Brett Turner, BKM’s senior managing director of acquisitions and dispositions, with support from Michael Grossner, director of acquisitions and dispositions, led BKM’s in-house acquisitions team. The seller was represented by CBRE National Partners’ Executive Vice Presidents Rusty Kennedy and Joe Cesta, as well as Darla Longo, vice chair & managing director.
Opportunities found in fundamentals
The transaction was completed at a significant discount to replacement costs. Brian Malliet, founder, CEO & CIO of Newport Beach, Calif.,-based BKM, said in prepared remarks the acquisition provided a rare opportunity to acquire a diverse collection of infill assets across the Tempe and Phoenix region. He noted the need for functional, small-bay space is growing in Phoenix as the market transforms into a high-tech manufacturing and logistics hub. Malliet stated the portfolio provides both critical mass and operational flexibility for BKM in one of the nation’s top industrial markets.
Leasing has surged in the Phoenix industrial market, with net absorption increasing 50 percent year-over-year to 6.8 million square feet in the first half of 2025. The leasing activity is occurring at the same time new construction is slowing. BKM reports second quarter deliveries were the lowest since 2021. The market has about 11.2 million square feet underway at midyear, a 60 percent drop from last year.
Most of that pipeline is larger big-box buildings so small-bay assets are experiencing increased demand and higher rents. BKM notes small-bay vacancy across the metro is 4.1 percent and as low as 1.1 percent in submarkets like the Airport area. By comparison, big-box vacancy is 16 percent.
More recent JV deals
In July, the BKM-Kayne Anderson joint venture acquired a three-asset industrial portfolio comprising 505,000 square feet across 16 buildings in the San Francisco Bay Area. Link Logistics sold the assets for more than $120 million, according to the San Francisco Business Times.
The shallow-bay industrial portfolio features two campuses in Hayward, Calif.—the 176,056-square-foot Huntwood Business Center and the 82,562-square-foot Hesperian Business Park. It also included Concord Industrial Park, a 245,930-square-foot property in Concord, Calif. The properties were built between 1980 and 1988, and the portfolio was 89 percent leased.
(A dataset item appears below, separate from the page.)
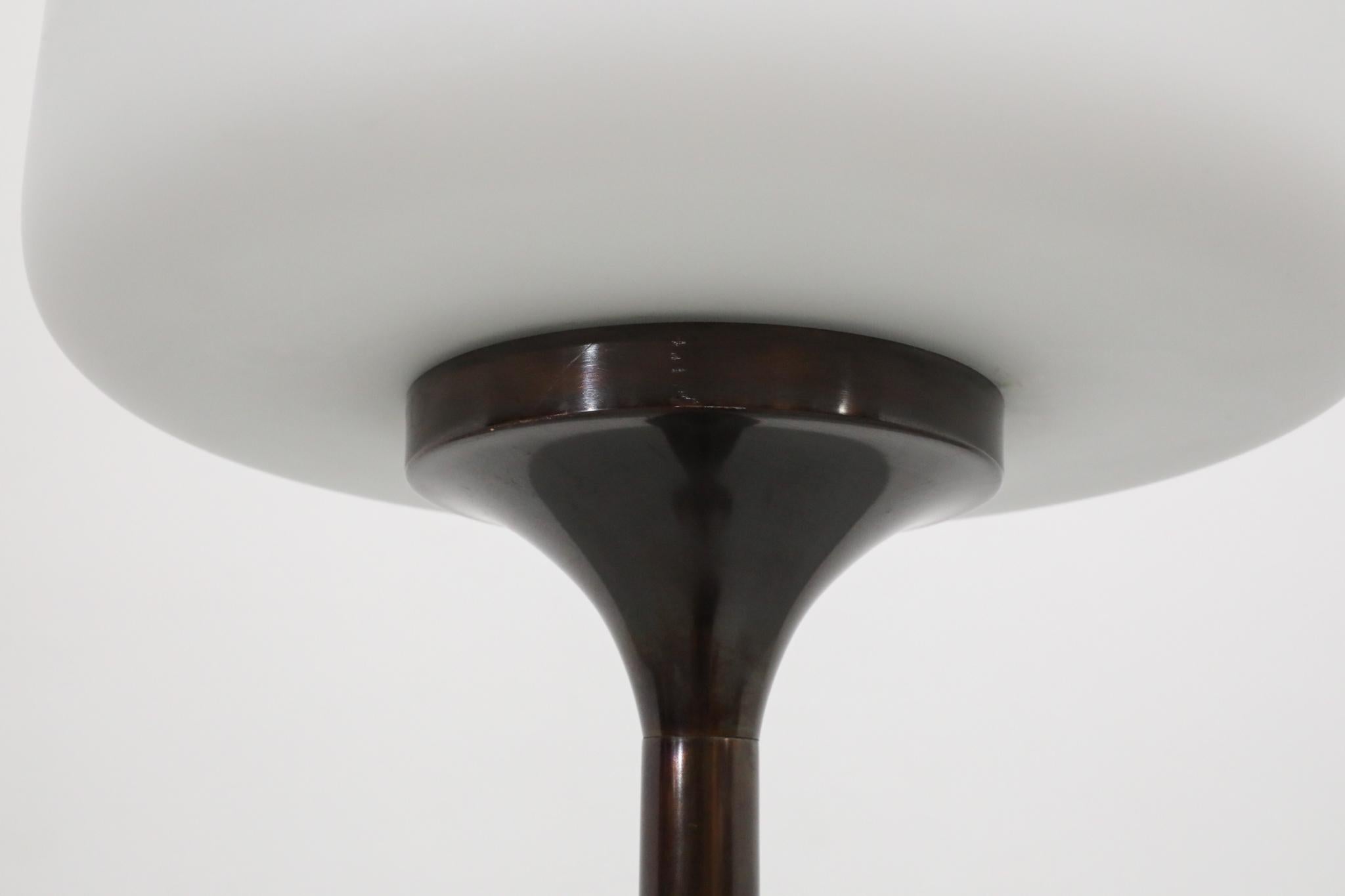Métal Lampadaire sur pied en cuivre foncé avec abat-jour en verre au lait en forme de pilule en vente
A month earlier, the joint venture purchased a five-property portfolio in Orlando, Fla., with 489,891 square feet in 45 suites across nine buildings. The transaction in the 33rd Street/McLeod industrial submarket was one of the largest light industrial deals in metro Orlando in recent years. BKM rebranded the portfolio under the name Gridline Orlando. The properties were constructed between 1980 and 1986 and have an overall occupancy rate of 98 percent.